L'ammontare degli interessi non riscossi
Da un punto di vista pratico, in assenza del Dm 13 giugno 1986, un buono postale appartenente alla serie O del valore originario di 1 milione di lire, emesso nel mese di dicembre 1983, avrebbe determinato un rimborso, al termine del periodo di trent'anni, pari a circa 18mila euro. Con l'entrata in vigore del Dm 13 giugno 1986, che in base alla possibilità offerta dal citato articolo 173 del codice postale ha esplicato i suoi effetti anche sui buoni postali già emessi, appartenenti, da ultimo, alla serie O, P e P/O, il rimborso ottenuto dal risparmiatore ammonta a circa 8mila euro, con una perdita di circa 10mila euro ed un risparmio per le casse dello Stato di pari ammontare.

La decisione della Consulta
L'ordinanza di rimessione alla Corte costituzionale nasce da un giudizio di opposizione proposto da Poste italiane spa nei confronti di un decreto ingiuntivo che le intimava il pagamento delle somme residue che si assumevano da essa dovute a due risparmiatori. Questi ultimi nel 1983 avevano sottoscritto tre buoni fruttiferi postali dell'importo di 1 milione di lire ciascuno e, nel 2003, avevano riscosso tali titoli, ottenendo una somma inferiore, rispetto a quella attesa in base ai tassi di interesse previsti al momento della sottoscrizione dei buoni stessi. Nell'ambito di tale procedimento è stata sottoposta alla Consulta la questione di legittimità costituzionale dell'articolo 173 del Codice postale.

La norma sotto i riflettori
Nell'ordinanza di rimessione è stato chiesto alla Consulta di valutare la legittimità costituzionale del suddetto articolo 173 del Codice postale, rispetto agli articoli 3, 43, 47 e 97 della Costituzione. Nella sentenza in commento, la Corte costituzionale ha dichiarato in parte inammissibile e in parte non fondata la questione di legittimità costituzionale della norma in questione. Secondo la Corte tale disposizione rappresenta un ragionevole bilanciamento tra la tutela del risparmio e un'esigenza di contenimento della spesa pubblica. In futuro la questione di legittimità costituzionale potrebbe essere riproposta fornendo ulteriori argomentazioni che dovranno tenere conto, oltre che della sentenza in commento, anche delle motivazioni riportate nella sentenza a sezioni unite della Cassazione n. 3963 del 2019, con la quale, per i buoni emessi prima dell'entrata in vigore del Dm 13 giugno 1986, la Suprema corte si è già pronunciata a favore di Poste.

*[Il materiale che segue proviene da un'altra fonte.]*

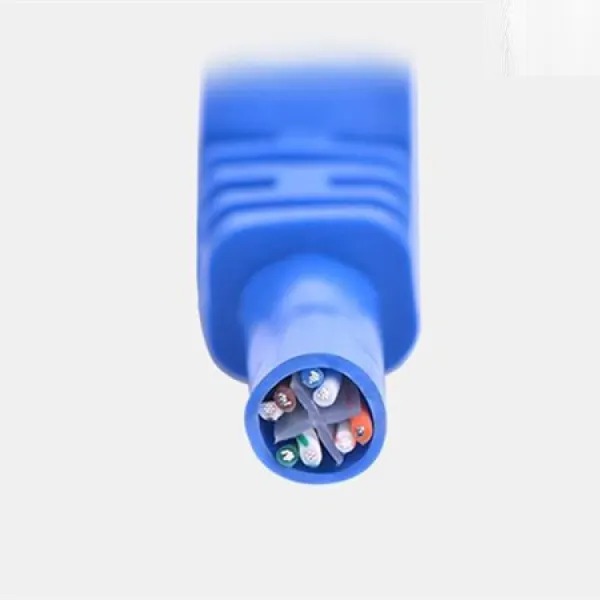 Dây cáp mạng Ugreen Cat6 NW102 11201 Dài 1M ảnh 3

Nessuna conseguenza sui Bpf della serie Q/P
La sentenza della Corte costituzionale non ha nessun impatto sulla diversa problematica relativa ai buoni postali della “serie Q/P”, per i quali la questione controversa è diversa, essendo stati sottoscritti dai risparmiatori dopo l'emanazione del Dm 13 giugno 1986. Per tale tipologia di buoni postali, secondo il consolidato orientamento dell'Arbitro bancario finanziario, limitatamente agli ultimi 10 anni di vita del buono postale, al momento del rimborso trova applicazione l'interesse bimestrale riportato nella tabella stampata sul retro del Bpf, anche se superiore a quello riportato nel Dm 13 giugno 1986.Secondo l'Abf, infatti, qualora il decreto ministeriale modificativo dei tassi sia antecedente alla data di emissione del buono fruttifero, si ritiene che possa essersi ingenerato un legittimo affidamento del cliente sulla validità dei tassi di interesse riportati sul titolo e che tale affidamento debba essere tutelato. Tornando all'esempio del buono da 1 milione di lire, nel caso dei buoni postali della serie Q/P sottoscritti a partire dal 1° luglio 1986, nella maggior parte dei casi la maggiore cifra a titolo di interessi oggetto di contestazione da parte dei risparmiatori, rispetto a quanto viene rimborsato da Poste allo scadere del periodo di trent'anni, ammonta a circa 4 mila euro (l'importo dipende dal regime fiscale del buono postale, dalla data di sottoscrizione e dal modulo utilizzato da Poste).

Così la giurisprudenza
Nella giurisprudenza di merito vi sono due orientamenti in relazione alla suddetta questione controversa, uno a favore dei risparmiatori e uno a favore di Poste. Recentemente sono state pronunciate più sentenze da diverse Corti d’appello in relazione ai Bpf della serie Q/P. Sarà quindi molto interessante analizzare le future sentenze della Corte di cassazione sulla questione relativa a tale tipologia di buoni postali.